La spettacolo ci accompagna in un momento amarcord in cui Laura e Biagio ricordano la genesi di “Vivimi” in cui la voce della cantante restituisce alla vita le parole scritte per lei da Biagio; l’esecuzione del brano al pianoforte manda in visibilio gli spettatori. Lo show scorre, lasciando ricordi  che per sempre rimarranno impressi nei cuori e nelle menti dei presenti con i brani “Come se non fosse stato mai amore” e “Iris”. Incredibilmente sui maxischermi compaiono dei piccoli volti innocenti e puri che provano a introdurci all’idea che loro hanno di amore e di casa, questo è l’anticipazione di quella che sarà la prossima canzone di questa magnifica serata; “In questa nostra  casa nuova” unisce l’idea di casa come scudo contro le intemperie della vita a quella di amore come elemento che restituisce certezze e che ci fa sentire in una nuova casa ogni qualvolta ci si innamora di qualcuno. Tutto sembra essere terminato dopo il caloroso abbraccio di Laura e Biagio, ma mentre il pubblico, ignaro,  lascia il parterre, un fulmine color arcobaleno illumina il palco al ritmo frizzante di “Non vivo piu senza te” in cui Biagio rispolvera le sue radici pugliesi facendosi accompagnare da delle ballerine di pizzica.

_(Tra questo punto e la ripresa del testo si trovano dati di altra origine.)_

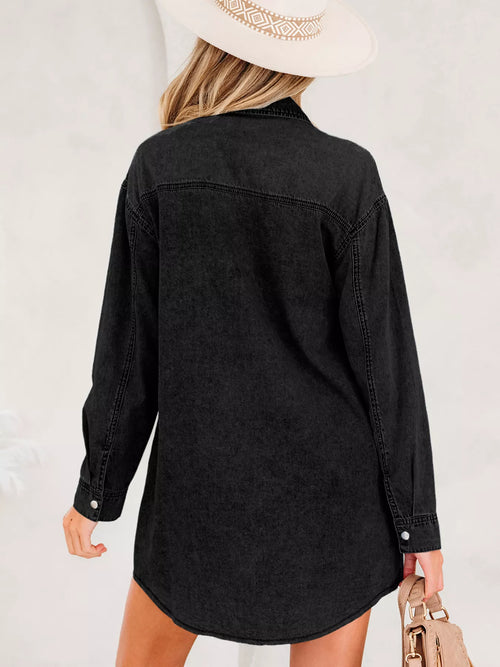 Chest Pocket Raw Hem Denim Loose Shirt Dress in Black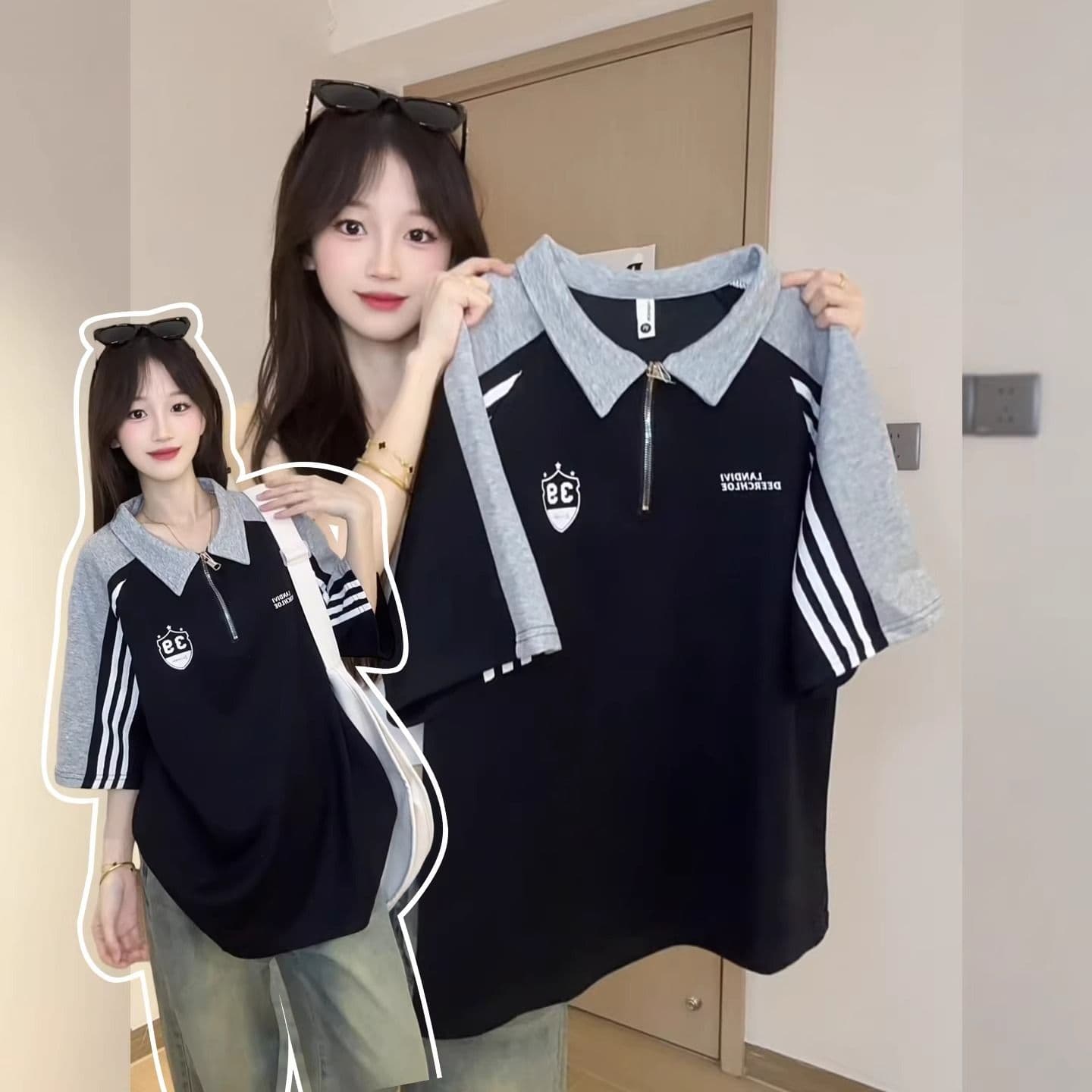 3개 바 패치워크 POLO 칼라 반팔 티셔츠 여성 여름 루즈핏 아메리칸 레트로 하프 지퍼 폴로 칼라 동정 맨위 상세 이미지 1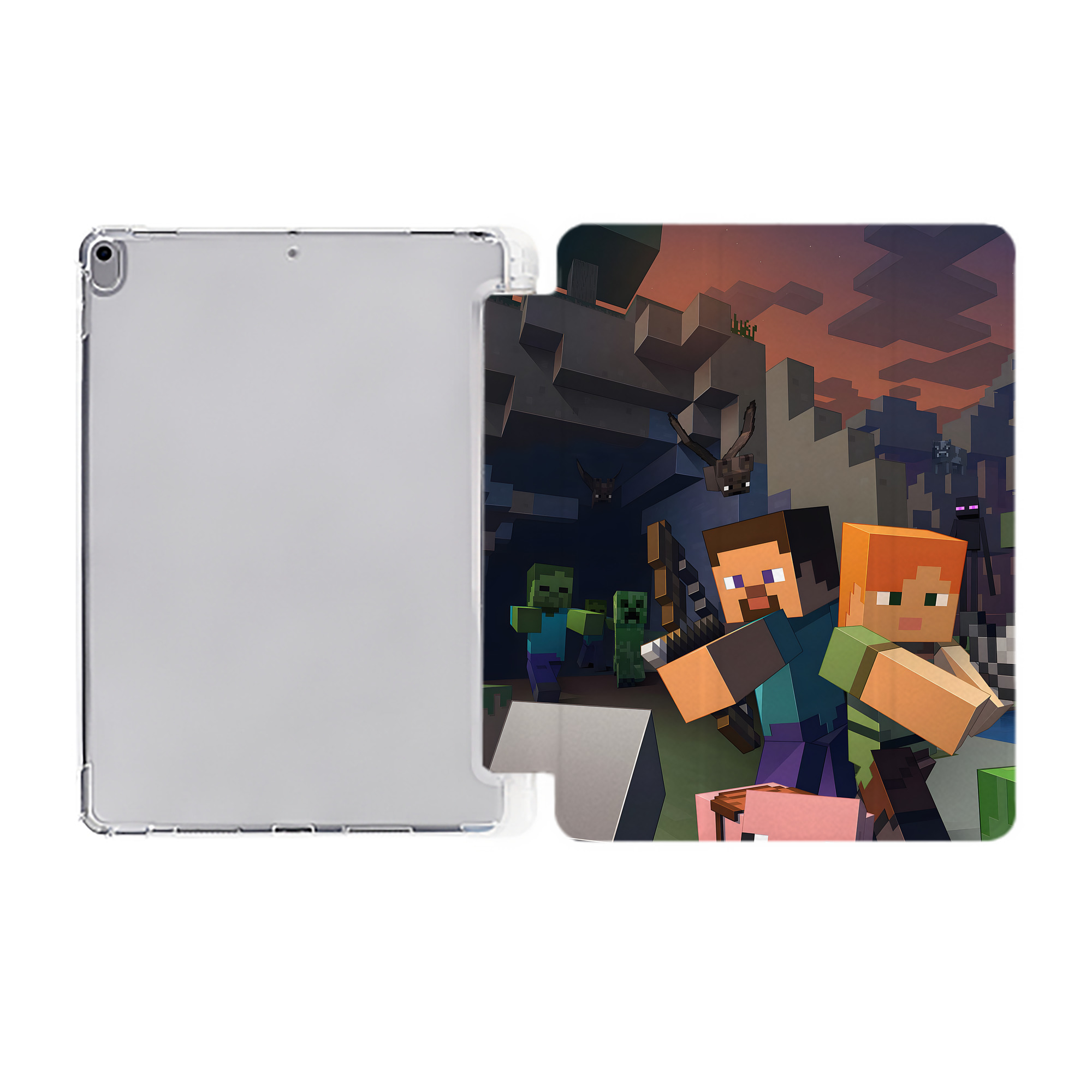 （画像用） マインクラフト ブロックの世界 Minecraft MC Block world IPad ケース ペン収納付き 三つ折りスタンド PUレザー×シリコン 対応機種9.5/10.5/10.9インチ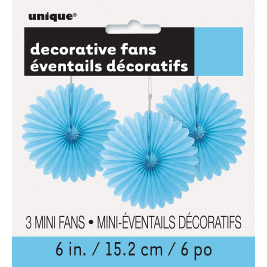 Powder Blue Tissue Decorative Fans 6" (3pk)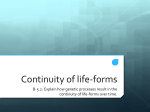 Continuity of life-forms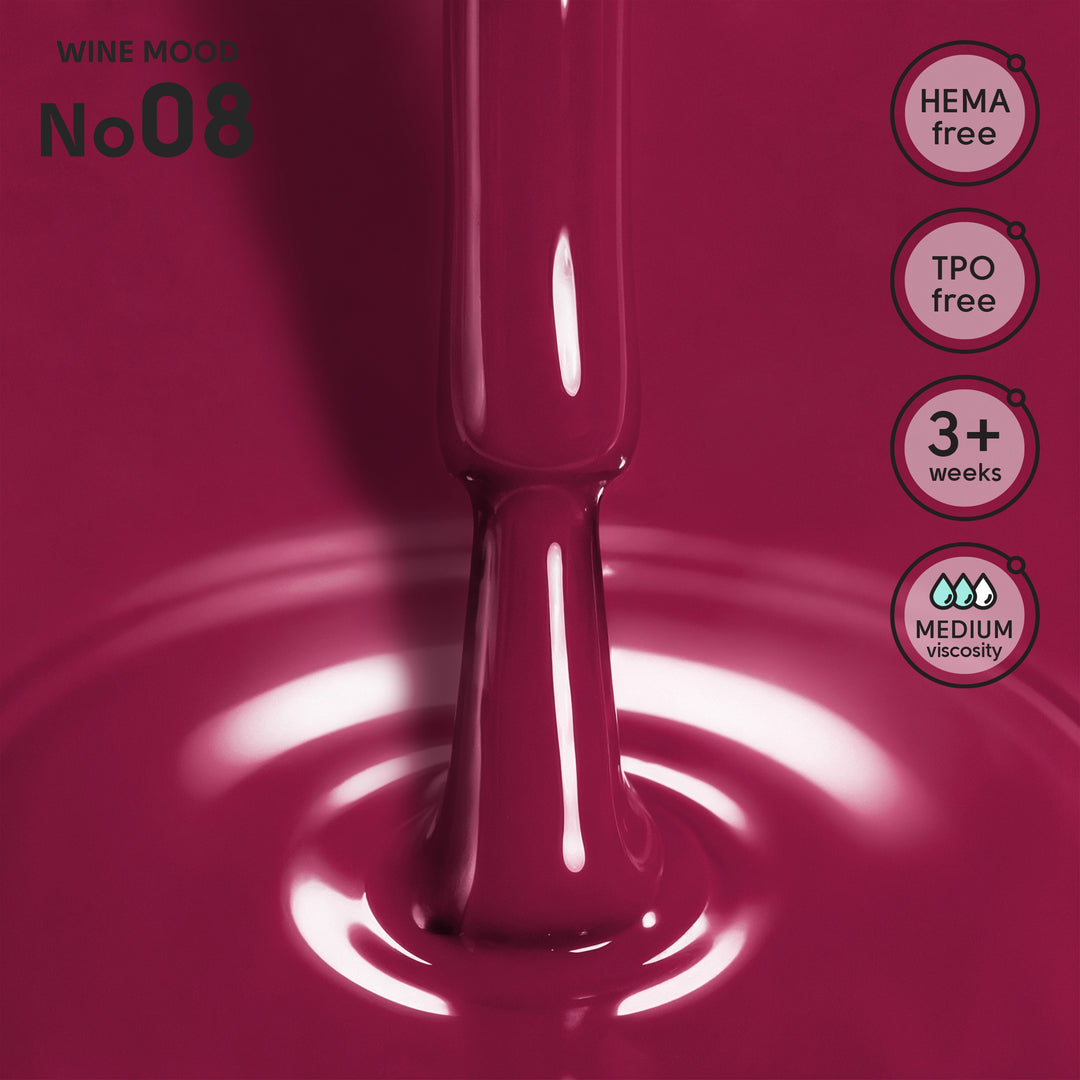 Lakier hybrydowy do paznokci 08 Wine Mood Shelly 12 ml
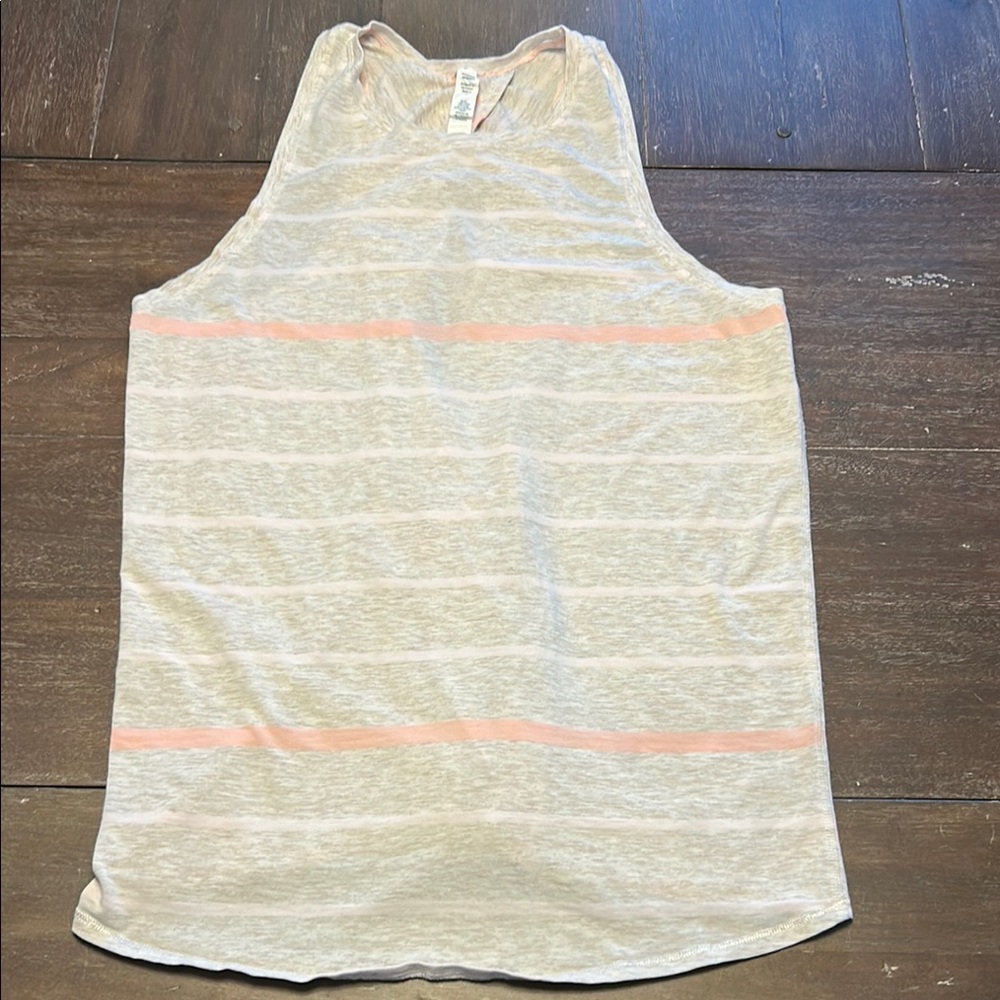 Lululemon Tan/Pink Pima Cotton Racerback with Open Back Top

I due si alternano incessantemente non lasciando un minuto di quiete nei cuori dei presenti, ed ecco laura che decide di portare la luce in questa calda notte pugliese con “Invece no” cantata sotto un arco di scintille. Dopo tre ore di show si giunge al termine, con un brano che ha fatto la fortuna della Pausini, “Tra te e il mare” infiamma per gli ultimi istanti il San Nicola, i due cantano e incitano il pubblico all’unisono, si muovono sul palco parallelamente ma come se fossero un corpo unico riescono a coprire l’immenso palco splendidamente. Una serata in cui forse entrambi hanno davvero trovato la loro casa nuova, osservando la naturalezza e l’intimità con cui i due si sono esibiti.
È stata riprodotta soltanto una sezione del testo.